[Directions] The records that follow are to be printed exactly, with no images.

----------

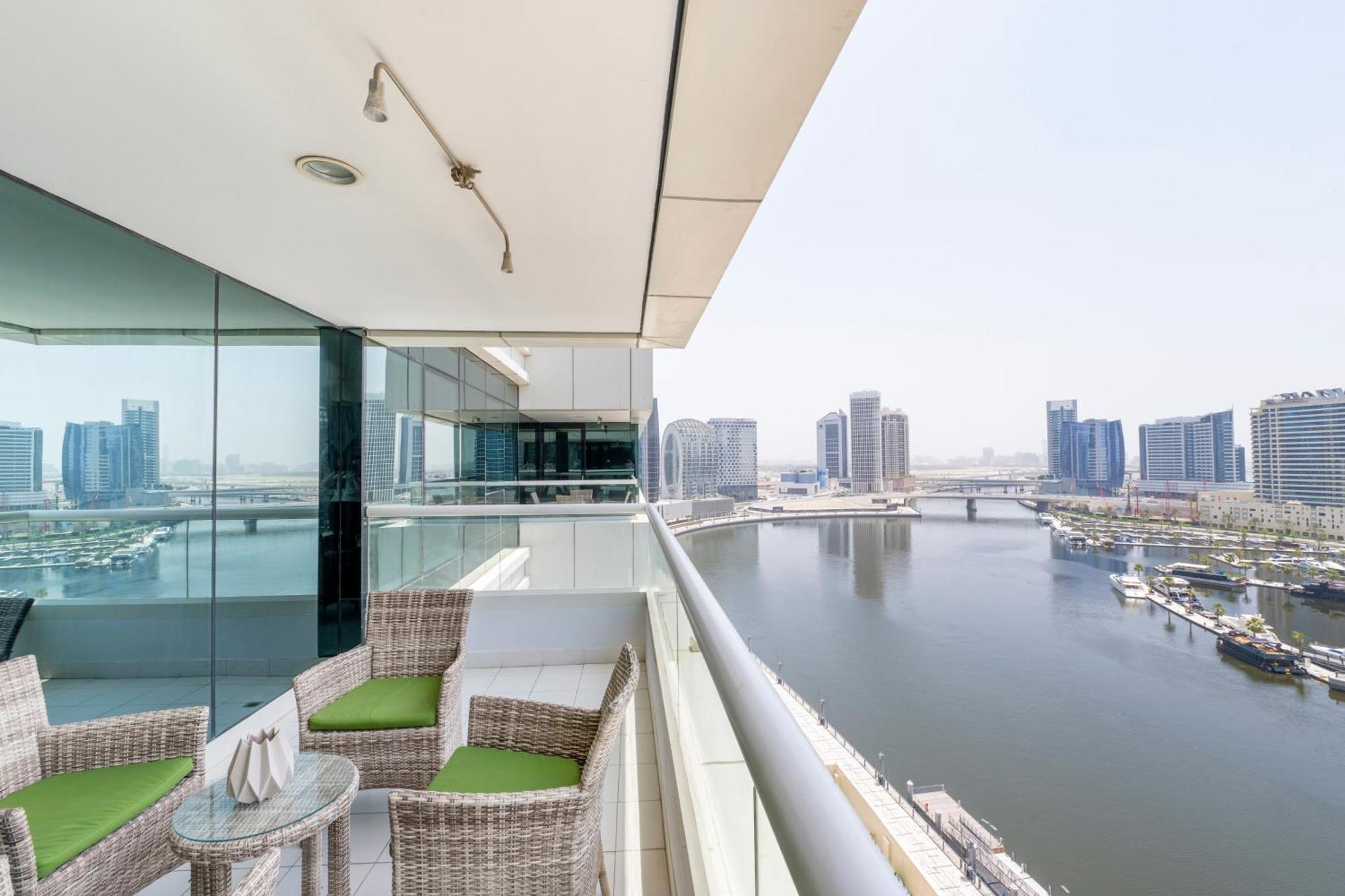 Damac Canal Views Residences Dubai Exterior photo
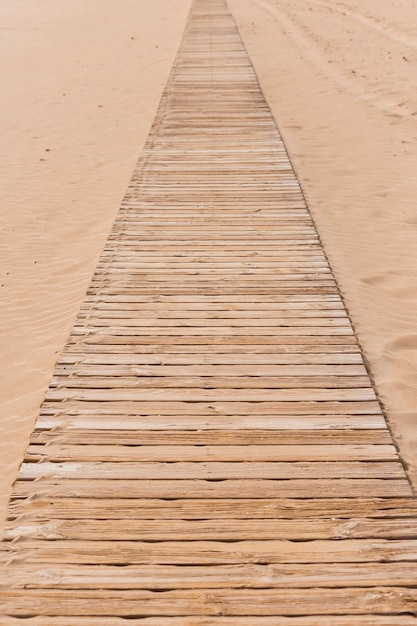 Strandconcept met houten weg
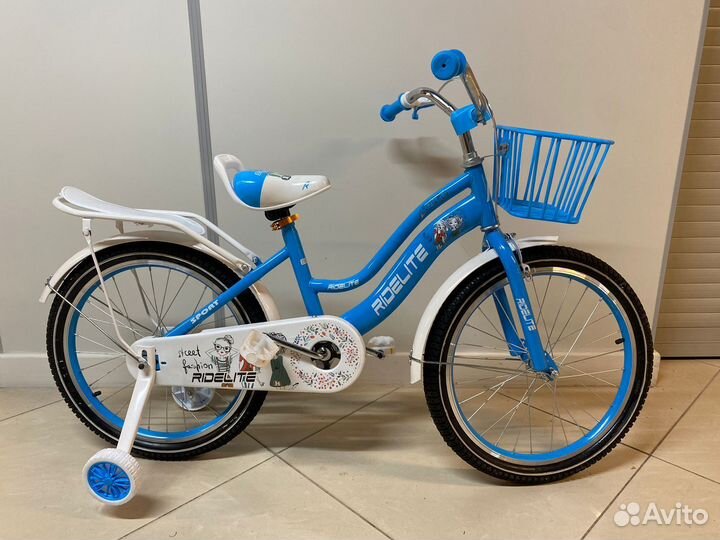 Велосипед детский 4х колёсный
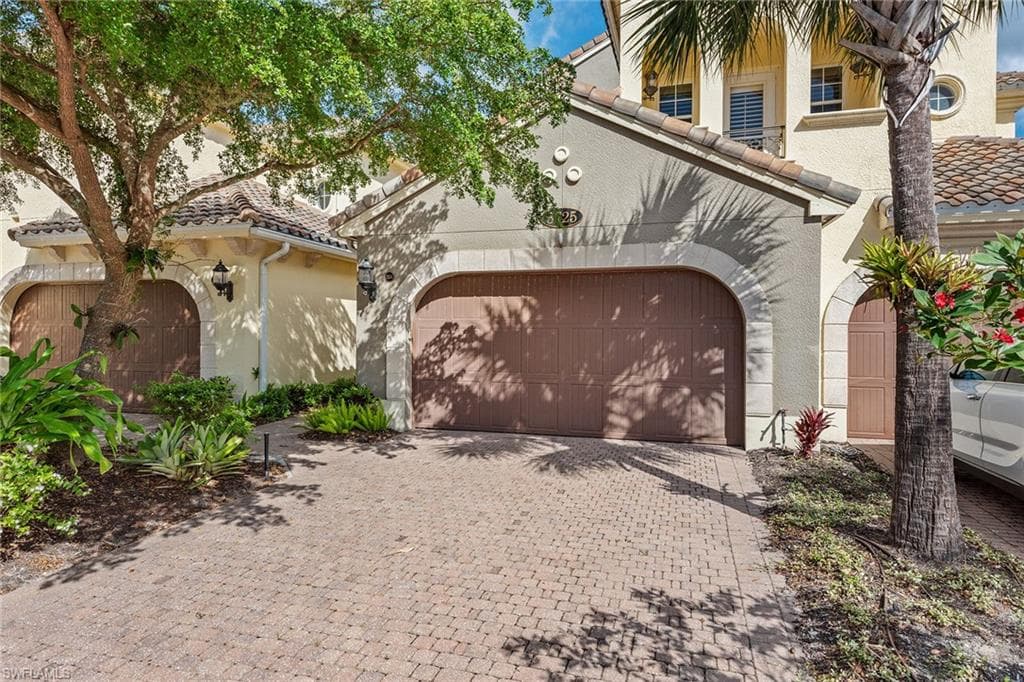 3725 Montreux Ln 204, Naples, FL 34114-38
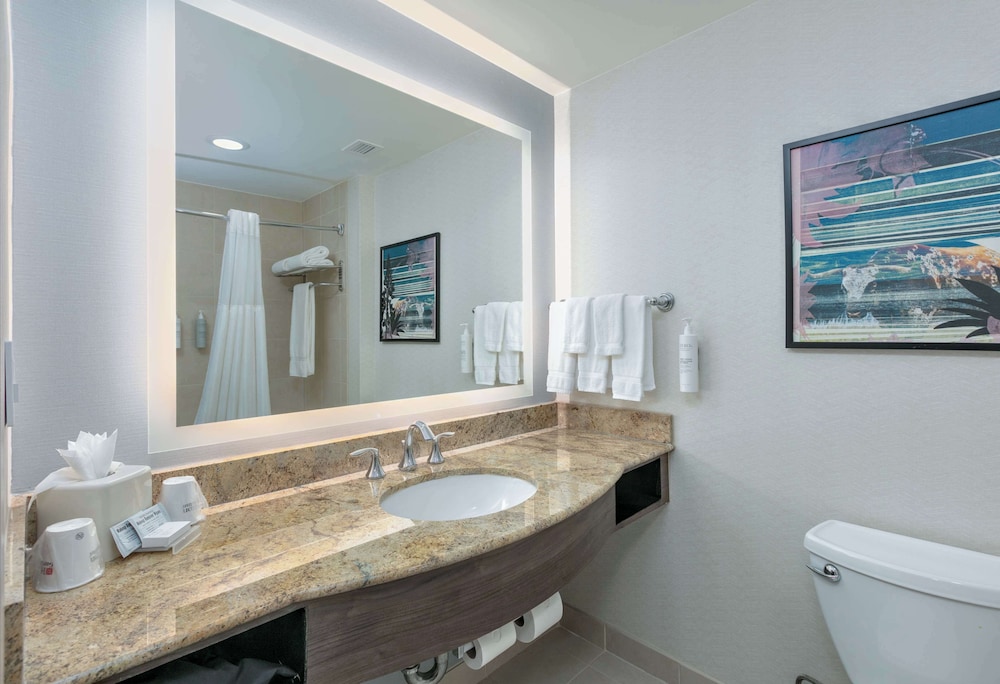 1 King Bed Junior Suite - Photo 9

----------

[Your response]
 Damac Canal Views Residences Dubai Exterior photo
 Strandconcept met houten weg
 Велосипед детский 4х колёсный
 3725 Montreux Ln 204, Naples, FL 34114-38
 1 King Bed Junior Suite - Photo 9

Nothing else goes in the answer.